Heaven can wait
...but we struggle, especially when it rains. The most beautiful climb for us on the Presten, the Himmelen kan vente, turns out to be an adventure on granite when it rains.

Himmelen kan vente

11.08.2019 - According to the weather forecast (3 different ones!) it will stay cloudy until around 18:00, but there will be no rain. Best conditions for climbing a long and exhausting route. We get up early and set off to the Presten to tackle the route Himmelen kan vente (engl. Heaven can wait, N6+, UK: E3 5c, 9 pitches, Top 50). Due to the five N6+ pitches, this route is not as frequently climbed as the Vestpillaren Direct. However, exactly on this day there is already a rope team of two Finns in the route when we arrive at the starting point. The two young men are already struggling in the first pitches. Therefore, we grant them more than an hour’s lead before we get going.

It is stated that the Himmelen kan vente is exhausting and N6+ is close to my limit. With a queasy feeling I start climbing. The second pitch is already a N6+ with an offwidth crack which Sigi cannot protect because he lacks the proper gear. Sigi climbs very precisely and concentrated because he knows that falling is not an option. I simply start climbing. Step by step, hold by hold. I make good progress and especially the crack climbing gloves are paying off now. As we get higher and higher, my confidence increases and I can really enjoy the climb. Unfortunately, we catch up with the Finns on the last pitches and have to take another longer break. It is not even 17:00, however, the rain sets in. At first it is a light drizzle but it gets stronger and stronger.

What are we going to do? Wait and hope for the rain to stop, or try to keep going as fast as possible? We climb on. The granite is getting more and more slippery. We are glad that we have already passed the slab which would not be climbable any longer. However, we can still move along the cracks. Our feet slip easily and we get out of balance several times, but we can hold on with our hands. Under these conditions Sigi demonstrates more than just a little courage as he climbs the last two N6+ pitches. Due to the wet granite these are much harder. In addition, they are partly overhanging and further up the route finding becomes quite tricky. A large loose flake does not make things any easier. Sigi does not touch it at all for safety reasons. However, I hope for some luck, put my weight on it and swing my legs from one side to the other. At this moment I am happy about the pull-up training. Almost at the top, the rain stops and the granite dries up rather quickly. But it remains slippery. Sigi and I can both free climb the Himmelen kan vente. We are proud and very happy about this climb. Two N6+ pitches in rain, what a thrill.
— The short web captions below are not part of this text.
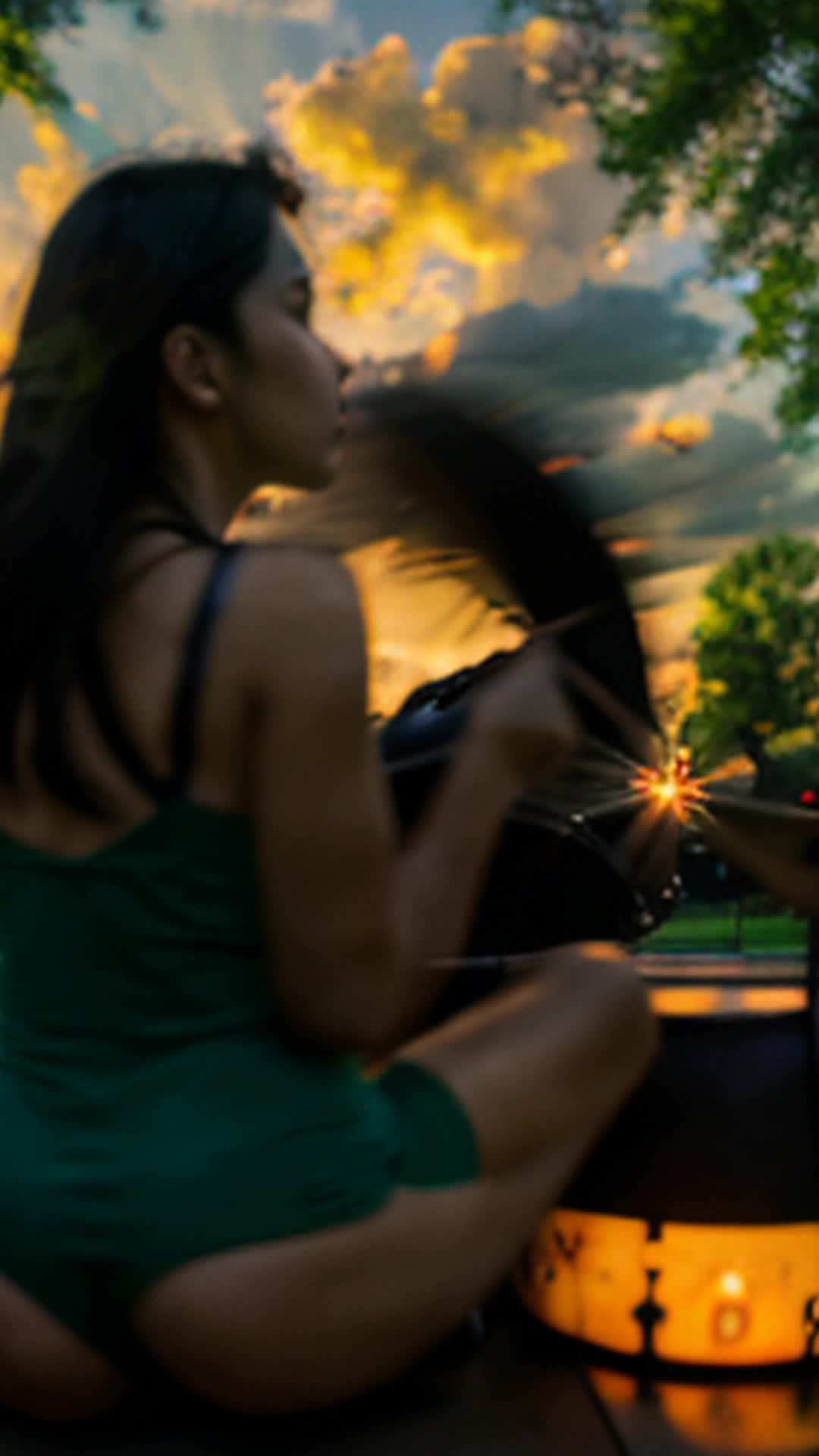 Luna Rivera skilled drumming wide angle Zilker Park sunset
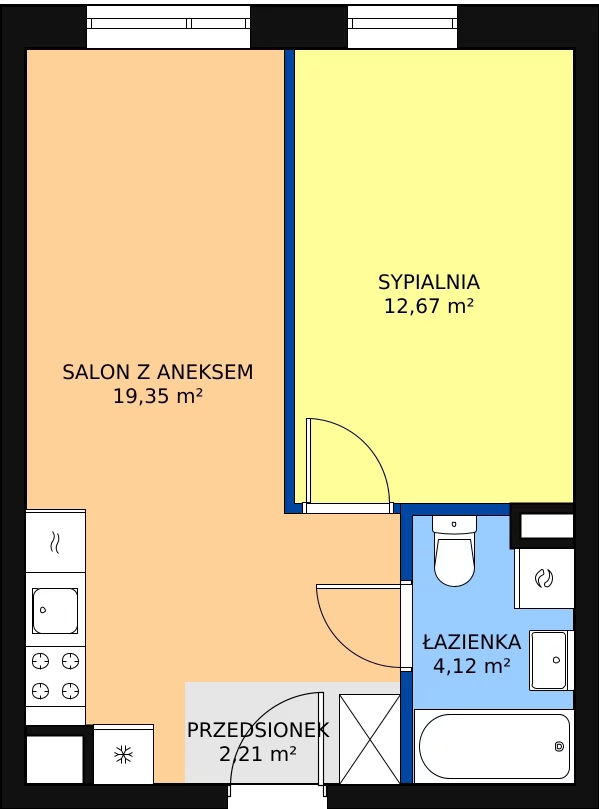 2 pokoje, mieszkanie 38,35 m², piętro 6, oferta nr L1/M139, Osiedle Aurora, Warszawa, Włochy, Raków, ul. Jutrzenki / Wschodu Słońca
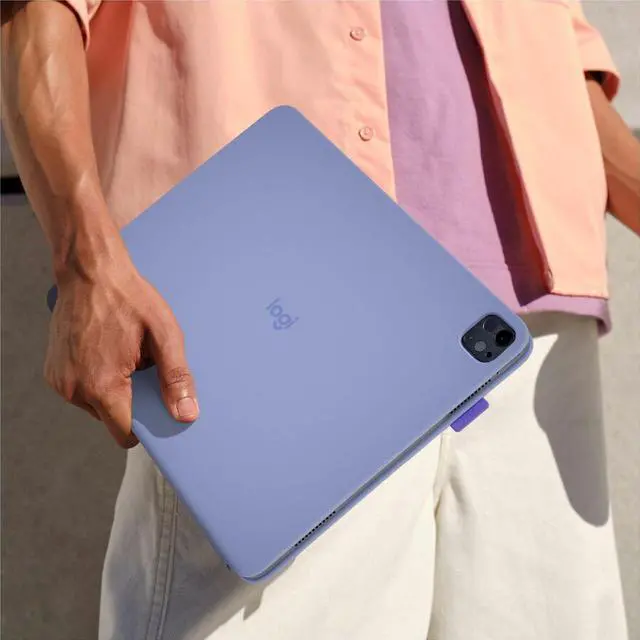 Alt view image 7 of 7 - Logitech Flip Folio Keyboard/Cover Case (Folio) for 13" Apple iPad Pro 13 (2024), iPad Air 13 (2024), iPad Air 13 (2025) Tablet - English Keyboard - Lilac - Bump Resistant, Scratch Resistant - Pl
Since it has stopped raining, we take a small detour to the top of the Festvågtinden (541 m) on our descent. The view from this peak over the surrounding area and Henningsvær is stunning. It is very popular among tourists because there is a hiking trail leading up to the summit. We pass a few young men wearing sneakers and holding a beer can on their way down. One of them is even having a video chat with his girlfriend as he walks down the steep and slippery path. It is a miracle that accidents do not happen more often.

Lessons learned

  • From our past experiences and the stories of other rope teams we conclude that we are climbing quite fast.
  • Even the most beautiful climb is a bit spoiled by clouds, wind and rain.
  • Some people have more luck than sense.